Puerto Rico’s power grid has long been crumbling given a lack of investment and maintenance by Puerto Rico’s Electric Power Authority, which is still trying to restructure more than $9 billion in debt. It was worsened nearly seven years ago after Hurricane Maria pummeled the island as a Category 4 storm, leaving some without power for up to a year. Prior to Maria, renewable energy generation on the island was at 3 percent, and it is now 9 percent. Puerto Ricans have been hit with power bill increases that result in an electricity rate that is 41 percent higher than the average U.S. rate.

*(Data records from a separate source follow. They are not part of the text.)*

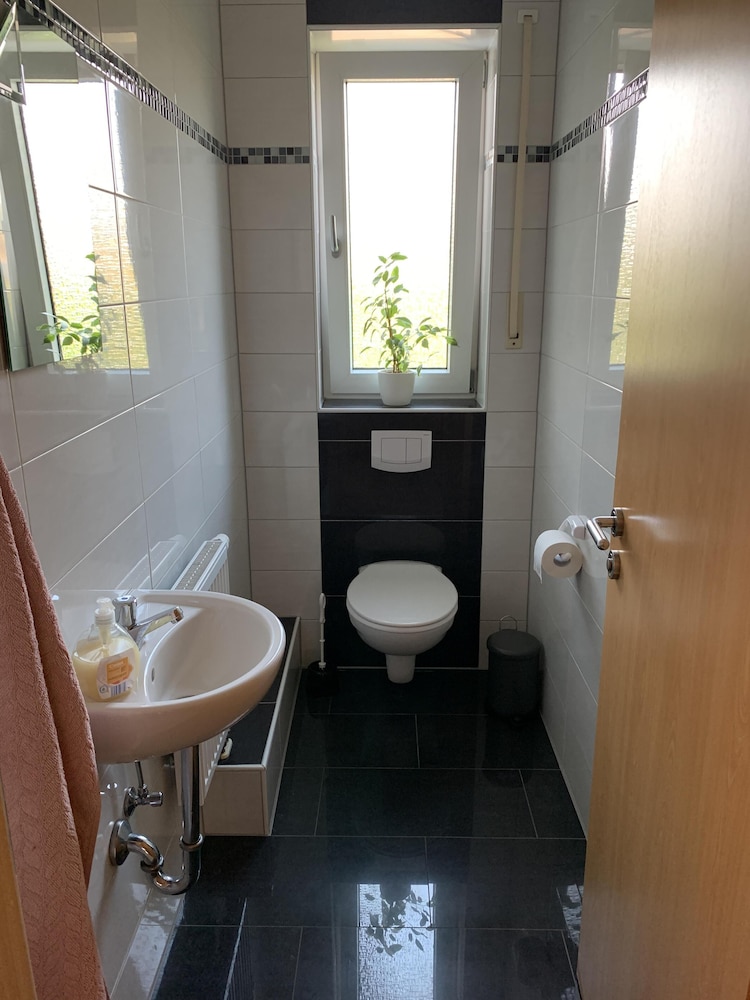Apartment, Private Bathroom (Apartment Wilhelm) photo 2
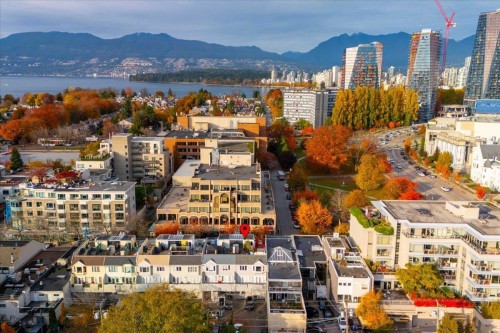 1846 1St Avenue W, Vancouver, BC 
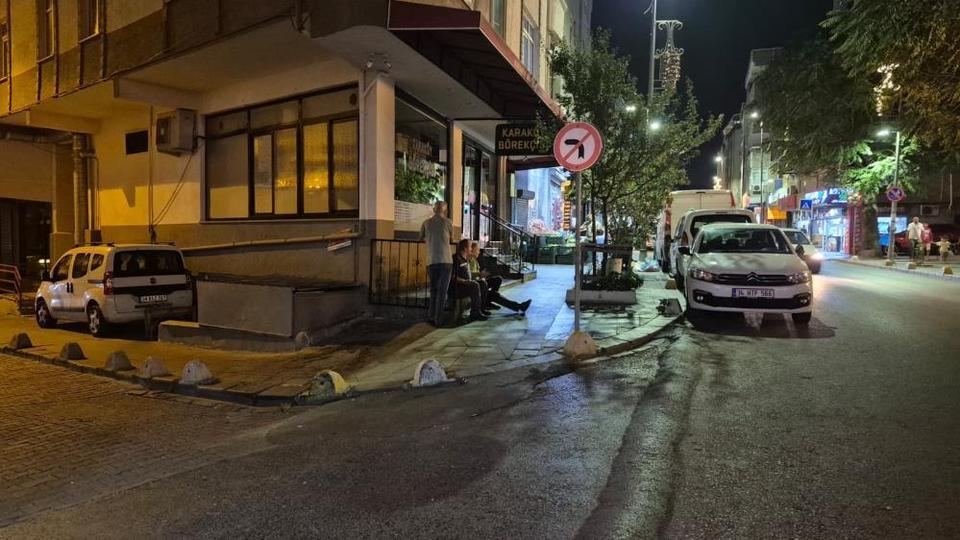 Kız arkadaşıyla yürüyen gence silahlı saldırı
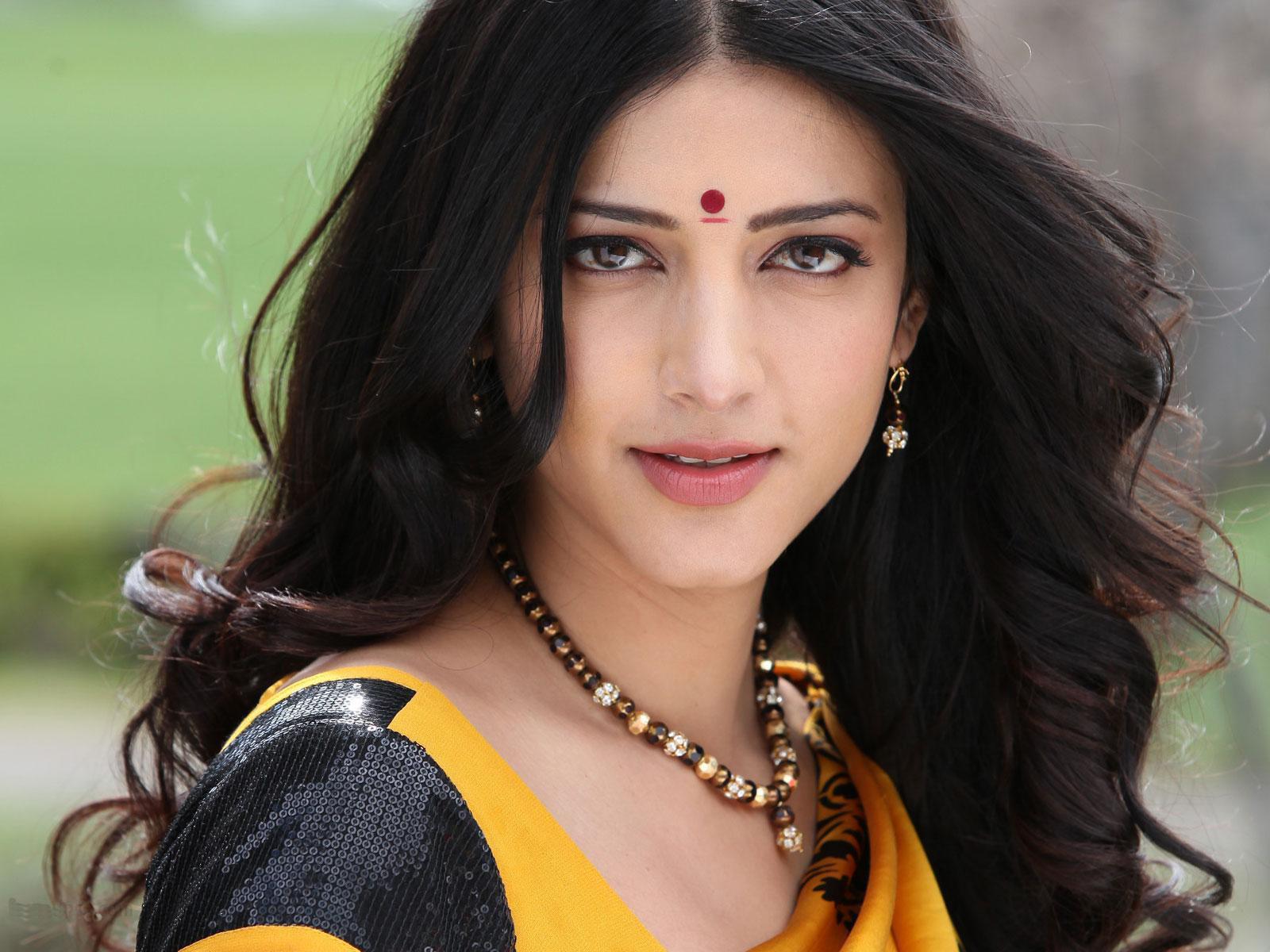 Actress Wallpaper HD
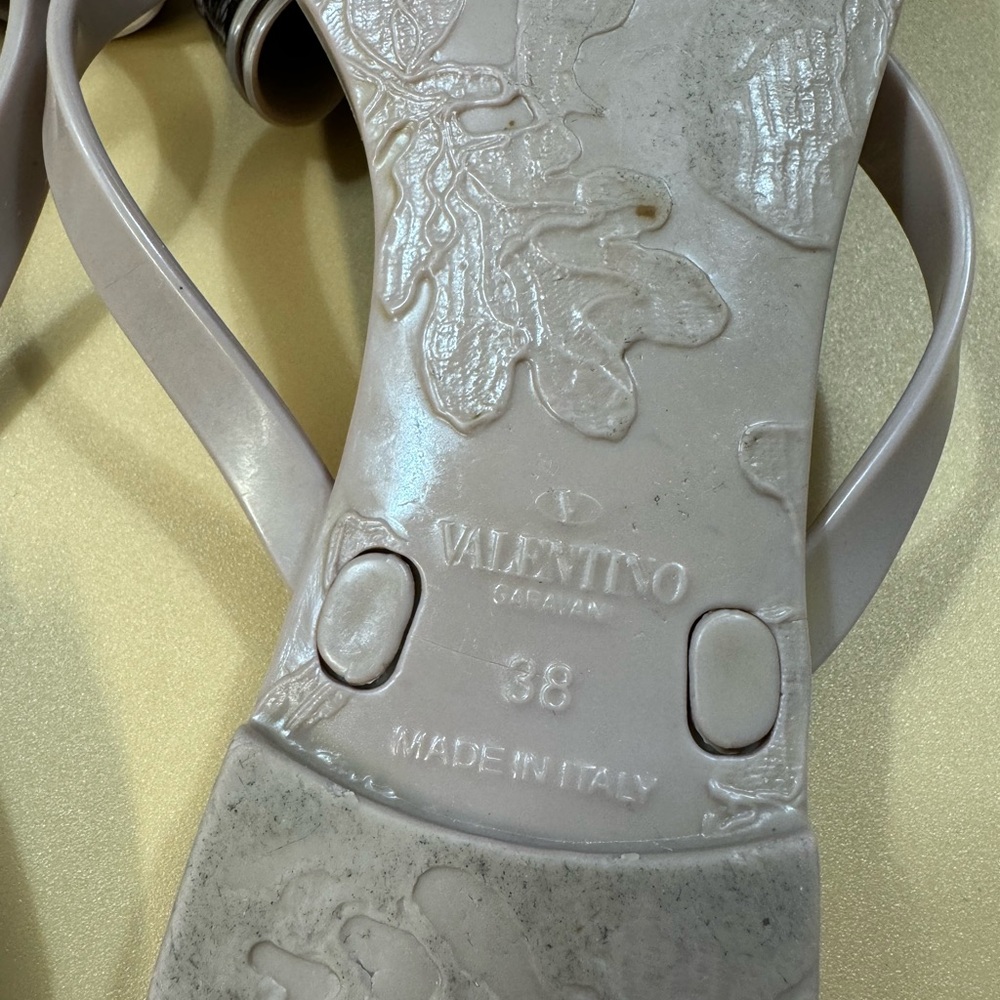 Valentino Slides Size38 - image 4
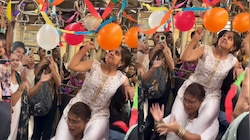 Mumbai Local Train Dahi Handi:  ముంబై లోకల్‌ ట్రైన్‌లో ధూంధాంగా కృష్ణాష్టమి వేడుకలు.. ఉట్టి కొడుతూ మహిళల హల్ చల్.. వీడియో..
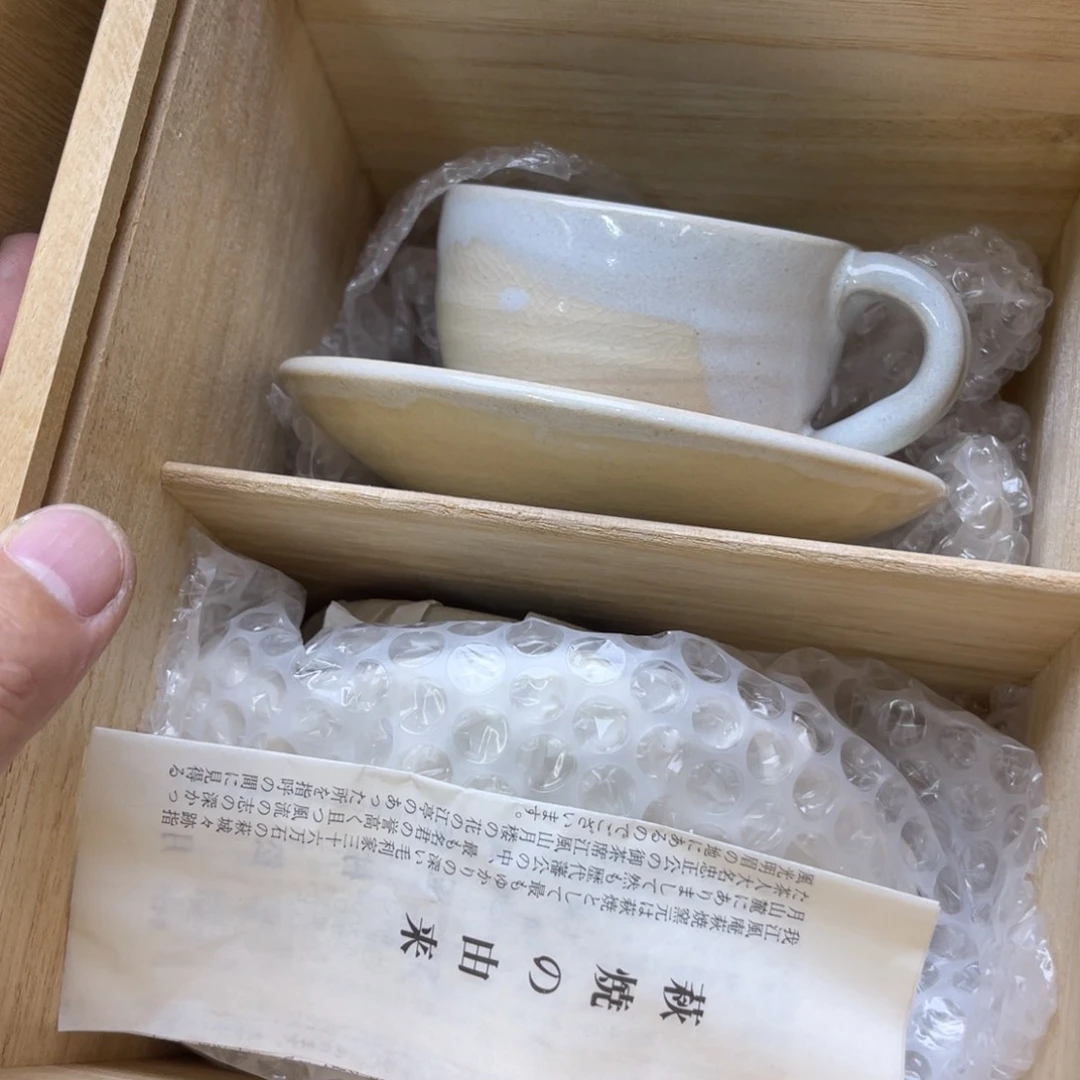 L***糖瓷片密密麻麻地铺满一层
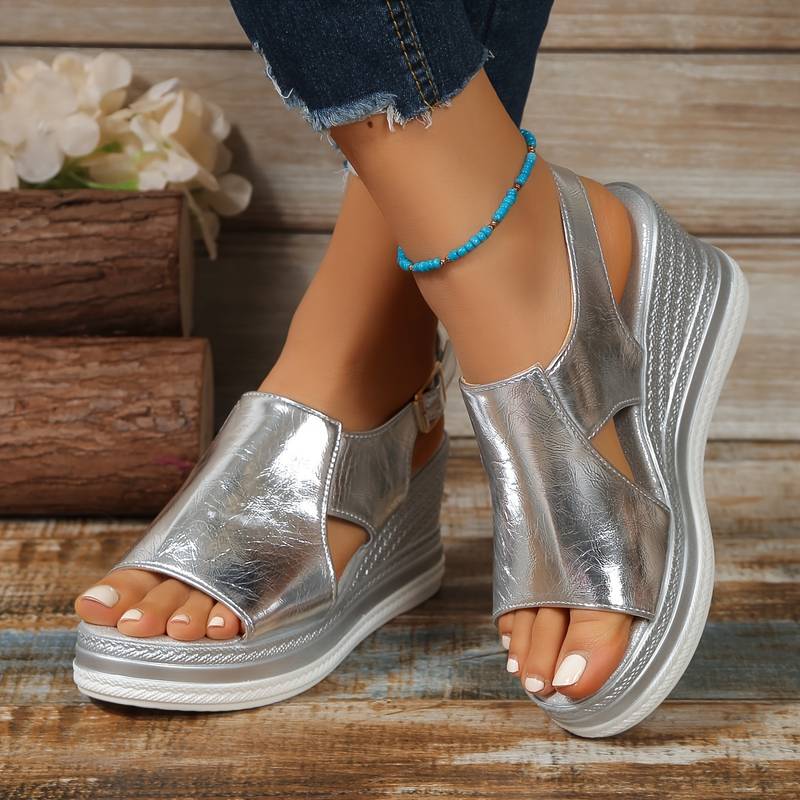 Ortopædiske sandaler til kvinder med ergonomisk fodstøtte. Komfortable dame sandaler, perfekte til sommer.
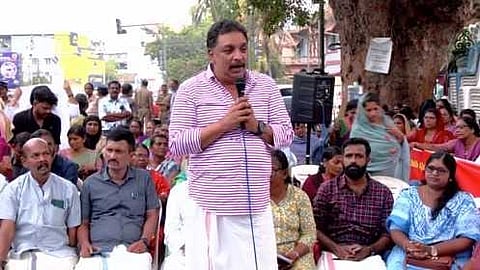 കുറുക്കൻ്റെ കണ്ണ് കോഴിക്കൂട്ടിൽ തന്നെ;കേന്ദ്ര കടൽ മണൽ ഖനന പദ്ധതിയിൽ സംസ്ഥാന സർക്കാരിനെതിരെ ഷിബു ബേബി ജോൺ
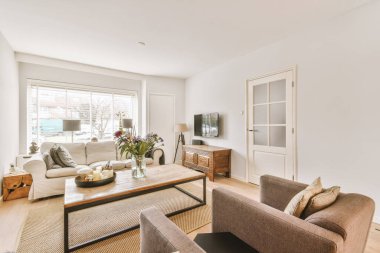 Çağdaş açık mutfak, yemek masası seti ve ferah odada gri kanepe.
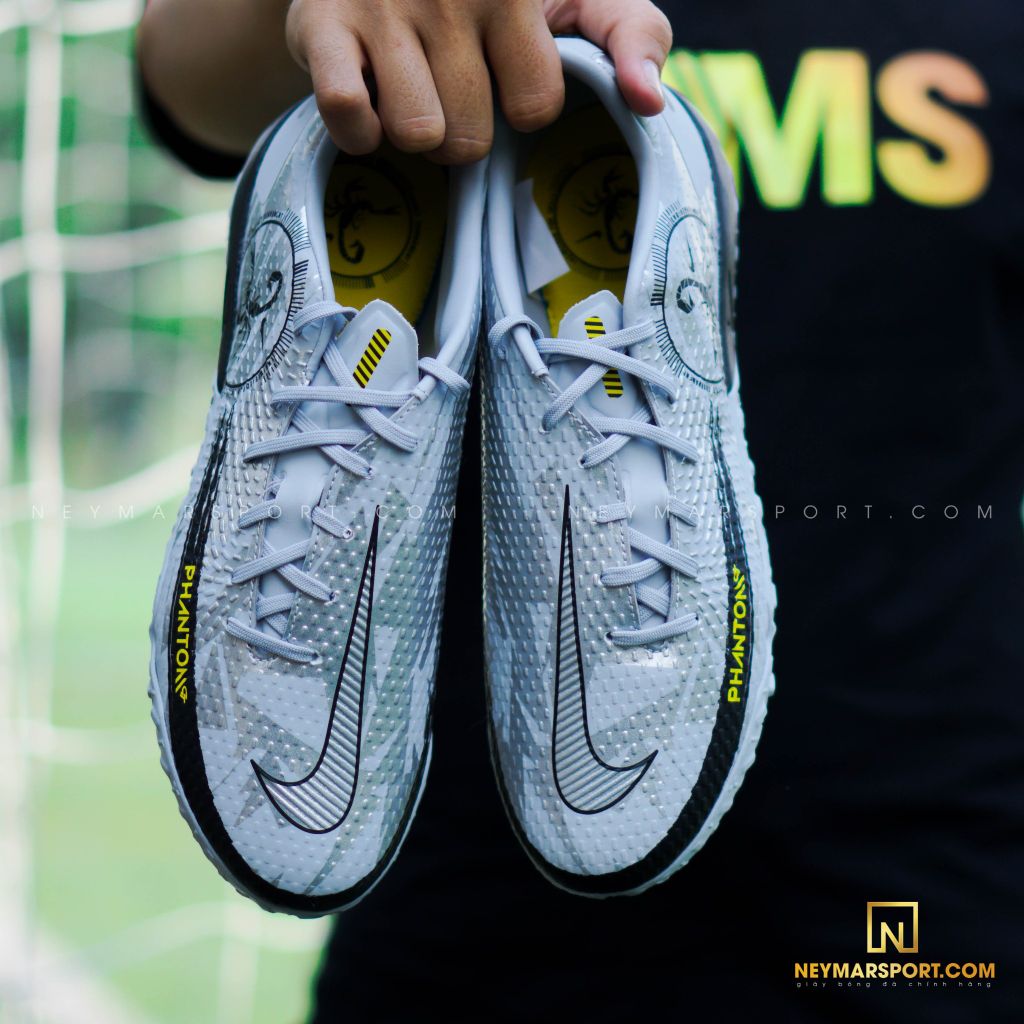 Nike Phantom GT Academy TF Scorpion - Wolf Grey/Metallic Silver/Black LIMITED EDITION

The Biden-Harris Department of Energy also announced an $861 million loan guarantee to help build two solar photovoltaic farms in the southern towns of Guayama and Salinas. The guarantee was offered to Clean Flexible Energy, LLC, an indirect subsidiary of AES Corporation and TotalEnergies Holdings USA, Inc.

Conclusion

Entrepreneurs are looking toward battery storage as a lucrative market where they can buy power cheap and sell it at high prices. The losers are American consumers for battery storage is an expensive technology, but is required to stabilize a power grid that has been forced to accept intermittent wind and solar capacity by regulations implemented by the Biden-Harris administration and tax credits in the Democrat-passed Inflation Reduction Act. Battery storage is a rapidly growing sector that is being fueled by a surge in solar and wind power and billions of dollars of debt-equity investment by Wall Street banks. Texas and California dominate the states installing battery storage as they have the highest wind and solar capacity in the country. But, the Biden-Harris administration is also committing funds for solar power and battery storage in Puerto Rico—an American territory plagued by chronic power outages caused mostly by their own mismanagement.